Observability and Monitoring: Logs, Metrics, Traces, and Alerting That Works
Observability and monitoring in 2026 — structured logging, Prometheus metrics, distributed tracing with OpenTelemetry, alerting strategy, and the three pillars
Observability and Monitoring: Logs, Metrics, Traces, and Alerting That Works
An unobservable system is a system you can't debug, can't optimize, and can't confidently change. When an incident happens at 2am, the difference between a team that resolves it in 15 minutes and one that spends 4 hours guessing is observability.
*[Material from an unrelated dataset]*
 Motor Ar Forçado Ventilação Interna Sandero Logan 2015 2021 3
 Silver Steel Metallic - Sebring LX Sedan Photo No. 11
Observability has three pillars: logs (what happened), metrics (how the system behaves over time), and traces (how requests flow through distributed services). This guide covers all three, plus alerting — the layer that turns raw signals into actionable notifications.
The Three Pillars
Pillar 1: Structured Logging
Structured logs are JSON objects, not unformatted strings. They're queryable, filterable, and parseable by log aggregation systems without fragile regex.
// ❌ BAD: Unstructured logging
console.log(`User ${userId} created order ${orderId} for $${amount}`);
// Output: "User abc-123 created order ord-456 for $99.99"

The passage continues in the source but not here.